** WORK TO COMPLETE **
Where the line with "Fauceture VPB24187W17 24-Inch" appears below, start writing out lines exactly, and finish with the line with "Anti-coup Protesters Set", which is included; write out nothing else.
MATERIAL FOR THIS EXERCISE below:
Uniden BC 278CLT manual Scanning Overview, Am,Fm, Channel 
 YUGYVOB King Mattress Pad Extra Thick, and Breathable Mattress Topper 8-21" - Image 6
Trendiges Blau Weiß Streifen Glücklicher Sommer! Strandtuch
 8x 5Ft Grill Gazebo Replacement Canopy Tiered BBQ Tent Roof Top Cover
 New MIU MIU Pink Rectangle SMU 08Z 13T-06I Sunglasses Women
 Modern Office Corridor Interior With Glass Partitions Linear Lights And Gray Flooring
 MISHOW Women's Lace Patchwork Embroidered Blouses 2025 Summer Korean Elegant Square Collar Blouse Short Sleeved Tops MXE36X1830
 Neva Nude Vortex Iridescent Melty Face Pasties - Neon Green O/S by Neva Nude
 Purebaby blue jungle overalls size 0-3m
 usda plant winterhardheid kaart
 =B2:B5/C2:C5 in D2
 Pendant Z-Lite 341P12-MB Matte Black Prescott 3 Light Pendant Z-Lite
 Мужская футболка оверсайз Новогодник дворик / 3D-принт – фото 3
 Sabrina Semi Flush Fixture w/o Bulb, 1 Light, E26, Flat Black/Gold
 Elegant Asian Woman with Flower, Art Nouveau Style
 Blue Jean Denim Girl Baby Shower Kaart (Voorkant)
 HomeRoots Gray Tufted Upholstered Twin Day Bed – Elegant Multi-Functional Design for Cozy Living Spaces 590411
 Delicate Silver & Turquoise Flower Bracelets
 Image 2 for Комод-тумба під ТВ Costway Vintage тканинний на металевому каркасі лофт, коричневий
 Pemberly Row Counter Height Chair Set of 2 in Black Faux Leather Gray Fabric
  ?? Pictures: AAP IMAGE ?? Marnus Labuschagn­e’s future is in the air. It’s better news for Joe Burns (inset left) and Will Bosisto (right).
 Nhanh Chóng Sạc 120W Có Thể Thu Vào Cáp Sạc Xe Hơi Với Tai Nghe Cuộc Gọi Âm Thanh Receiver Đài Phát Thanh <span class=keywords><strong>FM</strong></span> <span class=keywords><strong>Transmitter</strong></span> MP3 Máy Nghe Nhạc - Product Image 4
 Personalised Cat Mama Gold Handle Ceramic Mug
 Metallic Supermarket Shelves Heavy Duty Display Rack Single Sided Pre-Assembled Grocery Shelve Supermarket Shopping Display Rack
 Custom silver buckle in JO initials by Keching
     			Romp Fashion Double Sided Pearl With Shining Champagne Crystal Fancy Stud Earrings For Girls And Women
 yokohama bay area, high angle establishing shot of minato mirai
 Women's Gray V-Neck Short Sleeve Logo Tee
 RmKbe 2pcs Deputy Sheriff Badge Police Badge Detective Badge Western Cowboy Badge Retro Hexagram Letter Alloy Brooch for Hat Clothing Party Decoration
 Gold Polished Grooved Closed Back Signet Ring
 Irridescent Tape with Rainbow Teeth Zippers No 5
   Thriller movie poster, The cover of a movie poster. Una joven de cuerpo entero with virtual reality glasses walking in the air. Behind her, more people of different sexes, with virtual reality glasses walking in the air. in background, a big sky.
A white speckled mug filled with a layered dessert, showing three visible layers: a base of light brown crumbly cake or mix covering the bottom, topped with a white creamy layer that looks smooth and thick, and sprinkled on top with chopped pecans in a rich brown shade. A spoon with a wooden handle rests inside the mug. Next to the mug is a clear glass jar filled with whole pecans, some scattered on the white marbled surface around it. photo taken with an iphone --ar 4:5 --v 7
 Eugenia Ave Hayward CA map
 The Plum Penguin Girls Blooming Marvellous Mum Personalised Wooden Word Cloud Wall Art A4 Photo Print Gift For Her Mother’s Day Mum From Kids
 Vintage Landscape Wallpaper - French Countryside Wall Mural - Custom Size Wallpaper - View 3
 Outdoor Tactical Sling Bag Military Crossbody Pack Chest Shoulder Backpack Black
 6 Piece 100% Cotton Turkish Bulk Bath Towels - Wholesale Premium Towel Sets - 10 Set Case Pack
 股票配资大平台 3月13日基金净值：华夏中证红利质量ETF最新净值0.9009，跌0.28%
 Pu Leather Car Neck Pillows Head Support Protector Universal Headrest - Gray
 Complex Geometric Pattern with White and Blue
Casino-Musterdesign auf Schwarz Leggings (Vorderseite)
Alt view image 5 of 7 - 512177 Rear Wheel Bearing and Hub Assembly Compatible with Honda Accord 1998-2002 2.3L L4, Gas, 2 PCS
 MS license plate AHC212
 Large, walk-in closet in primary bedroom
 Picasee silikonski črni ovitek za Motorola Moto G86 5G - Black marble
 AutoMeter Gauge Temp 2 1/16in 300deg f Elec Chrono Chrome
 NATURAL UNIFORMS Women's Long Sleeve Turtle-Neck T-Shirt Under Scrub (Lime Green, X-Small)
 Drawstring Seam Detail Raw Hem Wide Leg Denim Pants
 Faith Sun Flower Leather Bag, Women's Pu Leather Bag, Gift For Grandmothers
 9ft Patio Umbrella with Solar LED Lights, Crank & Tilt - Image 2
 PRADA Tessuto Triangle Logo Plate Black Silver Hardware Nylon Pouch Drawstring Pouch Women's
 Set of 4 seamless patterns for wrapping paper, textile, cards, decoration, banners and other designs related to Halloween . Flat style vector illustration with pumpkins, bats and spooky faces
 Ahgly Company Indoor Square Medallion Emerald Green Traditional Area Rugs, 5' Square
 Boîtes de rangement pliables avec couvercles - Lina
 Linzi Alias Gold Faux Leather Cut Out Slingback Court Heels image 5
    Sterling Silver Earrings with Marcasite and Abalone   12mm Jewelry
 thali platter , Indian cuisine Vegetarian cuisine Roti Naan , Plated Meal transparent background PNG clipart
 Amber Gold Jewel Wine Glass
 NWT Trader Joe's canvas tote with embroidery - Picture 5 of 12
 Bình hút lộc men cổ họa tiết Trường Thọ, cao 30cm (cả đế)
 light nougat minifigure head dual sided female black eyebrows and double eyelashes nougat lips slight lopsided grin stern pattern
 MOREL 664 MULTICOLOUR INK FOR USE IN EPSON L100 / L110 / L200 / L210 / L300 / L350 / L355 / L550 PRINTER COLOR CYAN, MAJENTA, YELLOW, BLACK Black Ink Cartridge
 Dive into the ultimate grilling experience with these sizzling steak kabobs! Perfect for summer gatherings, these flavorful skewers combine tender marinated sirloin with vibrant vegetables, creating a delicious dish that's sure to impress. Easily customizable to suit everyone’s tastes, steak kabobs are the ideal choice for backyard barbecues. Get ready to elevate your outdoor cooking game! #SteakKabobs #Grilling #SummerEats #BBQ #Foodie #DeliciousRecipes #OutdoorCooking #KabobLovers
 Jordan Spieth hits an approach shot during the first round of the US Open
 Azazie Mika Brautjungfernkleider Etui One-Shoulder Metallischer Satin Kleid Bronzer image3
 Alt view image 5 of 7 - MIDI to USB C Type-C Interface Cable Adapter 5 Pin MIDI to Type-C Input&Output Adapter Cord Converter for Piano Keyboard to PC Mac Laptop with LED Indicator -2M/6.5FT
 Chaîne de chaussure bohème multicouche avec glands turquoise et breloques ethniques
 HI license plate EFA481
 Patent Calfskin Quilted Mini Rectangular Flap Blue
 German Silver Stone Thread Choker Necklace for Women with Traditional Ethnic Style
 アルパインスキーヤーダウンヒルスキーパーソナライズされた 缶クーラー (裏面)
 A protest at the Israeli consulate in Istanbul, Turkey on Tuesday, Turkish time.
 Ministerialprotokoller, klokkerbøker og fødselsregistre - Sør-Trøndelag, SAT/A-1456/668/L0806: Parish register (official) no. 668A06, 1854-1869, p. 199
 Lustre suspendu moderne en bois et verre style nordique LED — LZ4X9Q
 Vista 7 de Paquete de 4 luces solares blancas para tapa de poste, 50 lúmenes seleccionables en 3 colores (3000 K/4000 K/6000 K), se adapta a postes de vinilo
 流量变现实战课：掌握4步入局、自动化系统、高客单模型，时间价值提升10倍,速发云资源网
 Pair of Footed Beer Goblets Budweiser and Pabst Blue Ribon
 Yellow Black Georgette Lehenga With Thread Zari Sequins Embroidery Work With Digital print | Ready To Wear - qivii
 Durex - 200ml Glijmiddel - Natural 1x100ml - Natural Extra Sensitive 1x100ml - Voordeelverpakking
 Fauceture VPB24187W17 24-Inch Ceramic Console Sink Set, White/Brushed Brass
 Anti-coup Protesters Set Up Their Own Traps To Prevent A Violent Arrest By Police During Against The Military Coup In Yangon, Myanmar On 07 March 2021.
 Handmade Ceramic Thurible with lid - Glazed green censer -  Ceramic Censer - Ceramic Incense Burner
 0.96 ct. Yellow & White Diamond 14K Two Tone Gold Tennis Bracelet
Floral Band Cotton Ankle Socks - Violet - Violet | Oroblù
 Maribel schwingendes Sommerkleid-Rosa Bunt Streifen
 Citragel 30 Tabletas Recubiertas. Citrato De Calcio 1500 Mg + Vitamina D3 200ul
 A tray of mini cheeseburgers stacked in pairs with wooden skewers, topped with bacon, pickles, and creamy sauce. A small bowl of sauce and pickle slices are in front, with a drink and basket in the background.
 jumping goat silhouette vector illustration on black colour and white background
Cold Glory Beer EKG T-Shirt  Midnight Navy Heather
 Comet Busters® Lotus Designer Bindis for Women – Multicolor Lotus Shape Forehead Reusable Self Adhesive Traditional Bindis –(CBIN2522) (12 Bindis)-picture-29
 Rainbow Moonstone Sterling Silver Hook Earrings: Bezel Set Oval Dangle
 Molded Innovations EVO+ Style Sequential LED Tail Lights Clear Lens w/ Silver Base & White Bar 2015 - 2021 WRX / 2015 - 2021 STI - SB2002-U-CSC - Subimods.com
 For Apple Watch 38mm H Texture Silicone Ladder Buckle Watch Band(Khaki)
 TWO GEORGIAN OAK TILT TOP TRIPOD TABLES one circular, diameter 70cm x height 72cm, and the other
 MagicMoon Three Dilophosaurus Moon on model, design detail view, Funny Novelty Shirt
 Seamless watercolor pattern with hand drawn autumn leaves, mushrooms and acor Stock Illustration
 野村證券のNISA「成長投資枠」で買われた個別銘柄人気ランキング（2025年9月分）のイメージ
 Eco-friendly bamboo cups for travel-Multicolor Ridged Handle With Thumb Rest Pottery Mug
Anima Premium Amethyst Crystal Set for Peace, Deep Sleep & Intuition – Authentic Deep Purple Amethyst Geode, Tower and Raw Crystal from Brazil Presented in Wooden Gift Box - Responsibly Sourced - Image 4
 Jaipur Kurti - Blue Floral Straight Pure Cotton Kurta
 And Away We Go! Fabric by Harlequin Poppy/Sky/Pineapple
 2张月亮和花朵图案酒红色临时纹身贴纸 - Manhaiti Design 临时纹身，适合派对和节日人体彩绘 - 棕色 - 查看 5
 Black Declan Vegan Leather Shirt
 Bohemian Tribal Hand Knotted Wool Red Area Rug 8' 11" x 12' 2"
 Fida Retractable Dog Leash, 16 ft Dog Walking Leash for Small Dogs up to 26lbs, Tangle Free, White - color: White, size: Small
End of MATERIAL FOR THIS EXERCISE.
** SOLUTION TO THE PROBLEM **
 Fauceture VPB24187W17 24-Inch Ceramic Console Sink Set, White/Brushed Brass
 Anti-coup Protesters Set Up Their Own Traps To Prevent A Violent Arrest By Police During Against The Military Coup In Yangon, Myanmar On 07 March 2021.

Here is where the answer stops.